Object: Identity vs. Environment

Richard A. O'Keefe ok at cs.otago.ac.nz
Tue Jun 3 01:26:30 UTC 2003


Joel Shellman <joel at ikestrel.com> replied to my message:
	> But *some* methods really can be given *anything*,
	> and for those methods it is perfectly legitimate to put the
	> discriminations they need in Object.
	
	Please give an example. If they have to make distinctions, than that means
	they're not able to accept *anything*.
	
That does not follow.  In fact, it is *because* they make distinctions
that they *can* accept anything.

A good example is the method Object>>isColor.
It's used in

    Color>>
    = aColor
        aColor isColor ifFalse: [^false].
        ^aColor privateRGB = rbg and: [
            aColor privateAlpha = self privateAlpha]

This method accepts ANY OBJECT WHATSOEVER as its argument.
It is only because it makes the distinction "is this a colour or not"
that it is able to do so.  For things that answer true to #isColor,
it checks their privateRGB and privateAlpha methods; for things that
answer false to #isColor it immediately returns false.

Comparisons are a common example, because we want (x = y) to be
allowed and return a sensible result whatever x and y are.

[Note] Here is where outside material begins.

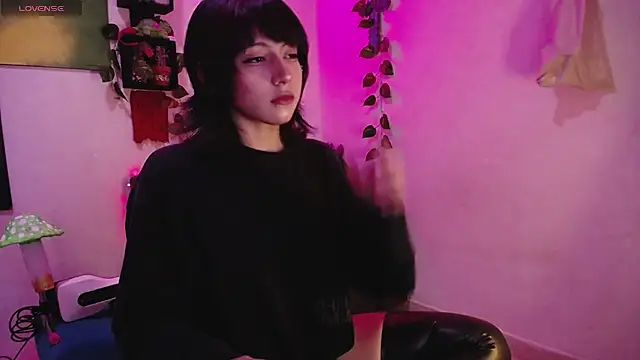 Snapshot of Rinrav chatting on 11-14-25, 07:12 Rinrav online show from 11-14-25, 07:12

	> Note that "responds to a protocol" is the WRONG notion here;
	> the important question is not whether #PCDATA and &entity respond
	> to some protocol that other things don't, but whether Attribute
	> will accept them.
	
	"whether Attribute will accept them": how is that defined? Attribute should
	be able to accept anything that it can properly interact with, right? Which
	is another way of saying that it responds to a certain protocol.

Yes, but the central point is that while Attribute "knows" what that
protocol is, from the outside, _we_ don't, so we can't test for it.

It's rather like the Color>> = example, where the protocol in question
consists only of private methods that nobody outside the class has any
business even knowing the existence of.

	It will understand certain messages I plan to send to it when I
	have to interact with it.

No, it's not about the messages *you* send to it, but the messages
*Attribute* sends to it, which is a very different thing.

	That's a protocol/interface/set of
	methods/whatever you want to call it.
	
Indeed it is, but it isn't necessarily one KNOWN TO OUTSIDERS.

In any case, there is no way of testing for a protocol in Smalltalk
other than sending an #isFoo message.